Member-only story
Things I Didn’t Say to a Black Racist Bicyclist
Note: In the comments, a few identitarians suggest I made up this story. I understand why they think it’s odd — I thought it was odd when it happened. If I was going to make up a story about meeting a black racist, I assure you, I would make up a story about an angry person yelling and maybe throwing something. People want racists to fit their cliches. But the reality is racists of all races range from polite to homicidal. Most are usually closer to civil than violent.
I was pedaling home from the dentist early this afternoon when I saw a young man on a bicycle coming my way. I noted a few things about him—he looked about twenty, he was black, he was playing music from a radio or an MP3 player—as I gave him my usual nod and a smile.
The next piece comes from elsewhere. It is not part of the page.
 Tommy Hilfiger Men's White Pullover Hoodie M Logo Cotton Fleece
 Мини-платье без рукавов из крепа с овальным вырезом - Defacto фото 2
He said, “Don’t say hi to me. I don’t like white people” in a matter-of-fact way as he rode by. My first reaction was a mental shrug. I am not young and my idealism has been tarnished by reality, so having a black racist say something dismissing to me because he only sees race does not make me burst out in what has the sexist name of “white girl tears”. It doesn’t even make me particularly sad, and most of my slight sadness comes from my failure to shout, “I don’t like them either!” People who thought of themselves as white made anonymous death threats to my parents and bullied me in school because my family was involved in the civil rights movement. Today, I just pity people whose understanding of the world is literally skin deep.